Par la suite, il a expliqué comment des tensions ont surgi à plus d’une année de la fin du mandat du Président de la République au sein de la Majorité présidentielle. Pour lui, les déclarations à la base de la sortie du G7 ne relevaient pas seulement de la polémique ; elles reflétaient plutôt une vue profondément erronée de la démocratie au pays. Une vue qui voit la tricherie partout, une vue qui met l’accent sur ce qui  va mal dans la Majorité que sur ce qui va bien. Une vue qui voit le complot même là où il n’existe pas. Les problèmes de la RDC et de la démocratie ne sont ni de la Majorité ni du G7, ni de l’Opposition tant institutionnelle que non institutionnelle ; mais ce sont des problèmes qui nous concernent tous.

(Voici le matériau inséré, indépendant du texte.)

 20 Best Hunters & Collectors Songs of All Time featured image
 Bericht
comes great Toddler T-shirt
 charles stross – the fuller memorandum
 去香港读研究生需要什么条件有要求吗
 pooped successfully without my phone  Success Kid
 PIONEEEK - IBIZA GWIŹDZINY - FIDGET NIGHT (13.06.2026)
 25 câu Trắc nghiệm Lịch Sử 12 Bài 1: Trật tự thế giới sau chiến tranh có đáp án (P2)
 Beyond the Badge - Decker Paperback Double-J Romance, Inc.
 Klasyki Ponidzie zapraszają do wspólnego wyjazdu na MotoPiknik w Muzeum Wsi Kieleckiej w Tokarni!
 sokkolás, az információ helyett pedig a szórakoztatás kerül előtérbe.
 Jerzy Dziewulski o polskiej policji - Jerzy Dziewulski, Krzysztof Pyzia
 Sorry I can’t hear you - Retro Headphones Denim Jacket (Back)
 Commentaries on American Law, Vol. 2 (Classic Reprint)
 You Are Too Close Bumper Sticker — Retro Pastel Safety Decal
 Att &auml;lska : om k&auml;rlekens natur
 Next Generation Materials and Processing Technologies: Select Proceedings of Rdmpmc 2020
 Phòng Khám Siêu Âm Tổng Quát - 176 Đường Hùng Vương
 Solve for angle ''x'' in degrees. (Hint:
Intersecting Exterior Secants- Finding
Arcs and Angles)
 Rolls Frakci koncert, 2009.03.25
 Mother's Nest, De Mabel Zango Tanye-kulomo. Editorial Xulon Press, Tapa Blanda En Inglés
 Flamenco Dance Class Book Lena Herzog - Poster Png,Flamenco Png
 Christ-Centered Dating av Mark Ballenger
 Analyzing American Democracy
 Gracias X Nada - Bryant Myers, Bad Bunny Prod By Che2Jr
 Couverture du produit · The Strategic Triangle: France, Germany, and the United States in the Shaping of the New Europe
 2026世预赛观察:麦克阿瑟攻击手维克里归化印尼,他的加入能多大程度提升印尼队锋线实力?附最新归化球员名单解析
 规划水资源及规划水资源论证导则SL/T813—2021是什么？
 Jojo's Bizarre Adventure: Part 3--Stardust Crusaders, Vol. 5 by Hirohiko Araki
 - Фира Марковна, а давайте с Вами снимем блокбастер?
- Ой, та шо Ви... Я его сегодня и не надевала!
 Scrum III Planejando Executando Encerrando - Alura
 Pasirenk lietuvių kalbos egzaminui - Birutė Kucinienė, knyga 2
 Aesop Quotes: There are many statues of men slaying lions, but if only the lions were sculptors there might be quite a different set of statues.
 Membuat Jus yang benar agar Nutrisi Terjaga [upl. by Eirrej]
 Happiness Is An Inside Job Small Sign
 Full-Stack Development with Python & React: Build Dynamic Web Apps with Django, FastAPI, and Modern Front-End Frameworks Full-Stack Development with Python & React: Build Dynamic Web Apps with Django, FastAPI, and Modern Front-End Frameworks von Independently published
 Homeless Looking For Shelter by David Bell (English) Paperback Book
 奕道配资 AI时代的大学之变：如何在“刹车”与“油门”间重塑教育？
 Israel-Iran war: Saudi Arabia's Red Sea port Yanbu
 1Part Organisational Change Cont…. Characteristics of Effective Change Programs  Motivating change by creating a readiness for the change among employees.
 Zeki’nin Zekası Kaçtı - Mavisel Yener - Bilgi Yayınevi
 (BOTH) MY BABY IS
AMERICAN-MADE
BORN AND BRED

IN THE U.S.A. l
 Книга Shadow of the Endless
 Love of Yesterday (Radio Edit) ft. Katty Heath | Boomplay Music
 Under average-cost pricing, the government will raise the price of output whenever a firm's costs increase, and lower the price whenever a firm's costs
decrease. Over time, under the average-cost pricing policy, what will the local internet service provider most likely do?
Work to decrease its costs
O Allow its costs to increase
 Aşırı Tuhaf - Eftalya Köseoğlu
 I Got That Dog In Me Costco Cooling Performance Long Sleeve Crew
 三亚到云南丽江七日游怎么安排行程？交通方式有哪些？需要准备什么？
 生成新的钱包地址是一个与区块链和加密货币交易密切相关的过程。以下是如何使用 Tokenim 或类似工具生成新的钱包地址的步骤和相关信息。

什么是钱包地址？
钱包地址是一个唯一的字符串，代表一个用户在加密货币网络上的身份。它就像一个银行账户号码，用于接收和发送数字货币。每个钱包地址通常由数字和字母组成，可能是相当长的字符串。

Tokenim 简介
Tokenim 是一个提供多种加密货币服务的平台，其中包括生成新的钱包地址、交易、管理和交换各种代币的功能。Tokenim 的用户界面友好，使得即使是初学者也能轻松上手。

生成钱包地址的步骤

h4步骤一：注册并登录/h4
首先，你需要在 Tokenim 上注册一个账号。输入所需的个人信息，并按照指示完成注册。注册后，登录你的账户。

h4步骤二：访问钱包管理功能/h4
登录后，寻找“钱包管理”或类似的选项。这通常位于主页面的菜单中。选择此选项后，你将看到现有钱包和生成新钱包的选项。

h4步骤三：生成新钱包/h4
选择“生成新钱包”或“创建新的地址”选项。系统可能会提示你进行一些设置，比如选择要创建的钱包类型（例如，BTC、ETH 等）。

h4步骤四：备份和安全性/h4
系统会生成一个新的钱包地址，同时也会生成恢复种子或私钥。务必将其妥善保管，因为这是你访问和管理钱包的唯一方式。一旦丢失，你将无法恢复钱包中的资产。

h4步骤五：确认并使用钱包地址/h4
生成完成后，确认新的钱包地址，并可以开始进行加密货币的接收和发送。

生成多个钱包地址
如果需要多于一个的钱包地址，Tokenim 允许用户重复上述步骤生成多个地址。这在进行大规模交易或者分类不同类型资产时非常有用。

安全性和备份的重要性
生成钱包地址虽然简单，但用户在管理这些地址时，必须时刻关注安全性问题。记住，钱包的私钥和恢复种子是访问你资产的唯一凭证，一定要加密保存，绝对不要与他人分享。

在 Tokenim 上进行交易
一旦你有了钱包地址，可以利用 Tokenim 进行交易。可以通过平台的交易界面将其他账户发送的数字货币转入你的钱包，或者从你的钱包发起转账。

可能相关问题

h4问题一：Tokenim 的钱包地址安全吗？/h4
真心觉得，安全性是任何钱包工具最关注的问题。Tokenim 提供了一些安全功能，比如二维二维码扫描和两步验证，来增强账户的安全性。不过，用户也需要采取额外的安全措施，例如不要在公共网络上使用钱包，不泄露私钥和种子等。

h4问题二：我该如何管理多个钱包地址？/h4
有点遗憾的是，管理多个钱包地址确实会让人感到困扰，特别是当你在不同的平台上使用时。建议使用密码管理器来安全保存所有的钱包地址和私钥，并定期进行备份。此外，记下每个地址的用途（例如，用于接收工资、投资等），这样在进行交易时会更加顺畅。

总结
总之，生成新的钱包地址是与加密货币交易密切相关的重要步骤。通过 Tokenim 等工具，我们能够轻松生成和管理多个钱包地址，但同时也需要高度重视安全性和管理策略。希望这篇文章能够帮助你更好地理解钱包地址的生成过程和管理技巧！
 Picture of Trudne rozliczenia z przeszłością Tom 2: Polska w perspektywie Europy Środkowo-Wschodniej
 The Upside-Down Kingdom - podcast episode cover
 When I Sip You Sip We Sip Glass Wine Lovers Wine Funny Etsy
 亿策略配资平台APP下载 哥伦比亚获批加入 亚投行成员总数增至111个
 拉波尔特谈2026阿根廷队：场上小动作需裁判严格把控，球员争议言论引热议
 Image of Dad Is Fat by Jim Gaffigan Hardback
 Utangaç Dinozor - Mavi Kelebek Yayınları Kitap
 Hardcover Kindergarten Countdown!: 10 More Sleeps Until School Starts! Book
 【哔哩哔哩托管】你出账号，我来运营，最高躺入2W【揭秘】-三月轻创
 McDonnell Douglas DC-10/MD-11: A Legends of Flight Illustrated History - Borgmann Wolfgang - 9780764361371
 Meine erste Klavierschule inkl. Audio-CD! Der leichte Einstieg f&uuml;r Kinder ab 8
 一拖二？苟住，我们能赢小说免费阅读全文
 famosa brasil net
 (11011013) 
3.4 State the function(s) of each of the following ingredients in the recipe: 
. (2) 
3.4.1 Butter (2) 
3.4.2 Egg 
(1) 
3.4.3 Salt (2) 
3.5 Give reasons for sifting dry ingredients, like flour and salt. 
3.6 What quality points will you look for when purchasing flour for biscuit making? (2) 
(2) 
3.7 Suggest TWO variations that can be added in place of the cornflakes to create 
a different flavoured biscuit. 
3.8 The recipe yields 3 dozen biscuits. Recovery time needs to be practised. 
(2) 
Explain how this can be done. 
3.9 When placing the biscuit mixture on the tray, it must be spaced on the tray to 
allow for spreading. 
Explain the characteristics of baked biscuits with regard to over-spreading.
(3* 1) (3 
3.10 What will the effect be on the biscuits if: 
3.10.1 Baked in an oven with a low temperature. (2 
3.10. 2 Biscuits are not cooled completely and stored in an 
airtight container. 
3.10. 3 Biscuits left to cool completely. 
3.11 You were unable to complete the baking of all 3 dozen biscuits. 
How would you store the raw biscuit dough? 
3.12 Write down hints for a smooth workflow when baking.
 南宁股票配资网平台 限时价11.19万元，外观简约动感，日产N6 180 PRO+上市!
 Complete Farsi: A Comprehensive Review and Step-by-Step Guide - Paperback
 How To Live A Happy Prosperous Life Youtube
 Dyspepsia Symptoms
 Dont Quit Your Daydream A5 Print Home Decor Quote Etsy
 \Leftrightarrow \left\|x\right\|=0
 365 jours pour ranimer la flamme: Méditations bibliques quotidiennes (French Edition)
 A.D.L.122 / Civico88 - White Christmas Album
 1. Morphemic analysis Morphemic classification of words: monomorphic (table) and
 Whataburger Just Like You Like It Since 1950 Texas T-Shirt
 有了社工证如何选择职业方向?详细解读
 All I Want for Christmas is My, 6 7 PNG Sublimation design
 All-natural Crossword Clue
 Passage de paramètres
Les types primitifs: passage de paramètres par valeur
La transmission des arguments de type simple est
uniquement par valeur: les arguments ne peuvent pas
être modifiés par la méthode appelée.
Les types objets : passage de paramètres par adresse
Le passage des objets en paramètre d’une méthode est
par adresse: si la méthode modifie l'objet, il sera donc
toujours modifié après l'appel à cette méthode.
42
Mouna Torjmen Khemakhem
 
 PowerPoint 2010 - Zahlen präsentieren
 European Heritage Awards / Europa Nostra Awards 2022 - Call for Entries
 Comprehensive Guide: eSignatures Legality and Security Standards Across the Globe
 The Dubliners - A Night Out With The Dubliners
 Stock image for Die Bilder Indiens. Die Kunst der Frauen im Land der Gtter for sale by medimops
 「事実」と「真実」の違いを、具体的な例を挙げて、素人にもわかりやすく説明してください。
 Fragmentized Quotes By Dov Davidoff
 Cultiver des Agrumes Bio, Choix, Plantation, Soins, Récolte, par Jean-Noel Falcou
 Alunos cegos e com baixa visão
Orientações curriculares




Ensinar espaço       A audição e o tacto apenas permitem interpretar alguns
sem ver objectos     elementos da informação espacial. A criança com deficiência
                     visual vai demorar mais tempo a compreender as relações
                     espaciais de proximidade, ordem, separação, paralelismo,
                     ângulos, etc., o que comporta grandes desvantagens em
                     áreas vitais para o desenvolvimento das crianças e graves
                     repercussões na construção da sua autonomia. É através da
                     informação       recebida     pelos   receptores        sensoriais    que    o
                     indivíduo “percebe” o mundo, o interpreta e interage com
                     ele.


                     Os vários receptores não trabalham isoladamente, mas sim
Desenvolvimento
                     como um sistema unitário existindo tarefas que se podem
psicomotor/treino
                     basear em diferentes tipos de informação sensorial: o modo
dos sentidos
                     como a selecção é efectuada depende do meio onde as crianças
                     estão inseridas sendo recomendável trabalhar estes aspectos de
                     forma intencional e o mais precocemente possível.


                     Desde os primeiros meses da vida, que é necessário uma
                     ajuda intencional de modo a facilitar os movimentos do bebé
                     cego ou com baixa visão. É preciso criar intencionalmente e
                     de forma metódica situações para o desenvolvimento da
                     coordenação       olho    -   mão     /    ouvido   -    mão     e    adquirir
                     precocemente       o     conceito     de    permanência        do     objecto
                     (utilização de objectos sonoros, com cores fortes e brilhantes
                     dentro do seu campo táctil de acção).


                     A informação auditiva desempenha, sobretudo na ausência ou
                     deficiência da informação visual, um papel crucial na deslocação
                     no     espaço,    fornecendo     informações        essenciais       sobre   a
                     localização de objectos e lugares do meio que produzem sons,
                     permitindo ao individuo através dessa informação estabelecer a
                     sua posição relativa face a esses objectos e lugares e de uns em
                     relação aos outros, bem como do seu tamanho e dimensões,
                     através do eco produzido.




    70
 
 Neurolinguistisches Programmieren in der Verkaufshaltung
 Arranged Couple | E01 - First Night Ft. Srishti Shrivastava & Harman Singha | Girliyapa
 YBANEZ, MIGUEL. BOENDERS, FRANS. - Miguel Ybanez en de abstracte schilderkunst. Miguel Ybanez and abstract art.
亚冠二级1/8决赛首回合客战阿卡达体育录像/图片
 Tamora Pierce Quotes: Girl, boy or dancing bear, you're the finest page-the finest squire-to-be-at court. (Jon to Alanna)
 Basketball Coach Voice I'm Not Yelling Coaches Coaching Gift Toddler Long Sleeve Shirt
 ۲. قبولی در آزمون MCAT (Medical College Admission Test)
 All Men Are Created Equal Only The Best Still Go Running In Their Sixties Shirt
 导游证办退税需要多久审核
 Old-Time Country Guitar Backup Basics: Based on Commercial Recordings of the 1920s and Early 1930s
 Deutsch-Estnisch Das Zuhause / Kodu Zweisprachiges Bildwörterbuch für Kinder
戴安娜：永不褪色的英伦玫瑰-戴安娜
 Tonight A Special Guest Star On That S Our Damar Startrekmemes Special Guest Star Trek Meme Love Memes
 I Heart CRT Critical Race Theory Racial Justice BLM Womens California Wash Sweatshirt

« C’est ainsi que nous avons refusé, vous avez refusé cette vision tronquée des choses en nous désolidarisant de ceux des nôtres qui ont suivi la voie de la fronde qui les a conduits finalement dans l’opposition s’ils n’y étaient pas déjà !», martèle le président national, qui souligne que l’erreur des autres n’est pas d’avoir parlé de certains problèmes de notre pays ; mais d’avoir parlé comme si il y avait une affirmation de l’Autorité morale d’aller vers la révision constitutionnelle, comme si notre famille politique n’était qu’un groupe de comploteurs contre le peuple, comme si aucun progrès n’a été accompli, comme si la démocratie n’existe pas dans ce pays.

Des résolutions

Il sied de souligner qu’à l’issue de ce congrès, un directoire a été créé, avec en son sein trois présidents et cinq vice-présidents. Comme présidents, le dévolu est tombé sur le trio composé de Gaston Kisanga, le sage Mario Philippe Losembe et Charles Naweji Mundele. Parmi les résolutions de ce premier congrès, il sied de souligner le fait que l’ARC affirme son appartenance à la Majorité présidentielle, et son soutien indéfectible à l’Autorité morale de la MP, l’entérinement des décisions prises par le comité directeur élargi, la mise en place de nouveaux animateurs, etc. Par ailleurs, le Secrétaire général a reçu mission de sensibiliser les fédérations pour compléter l’exécutif du parti.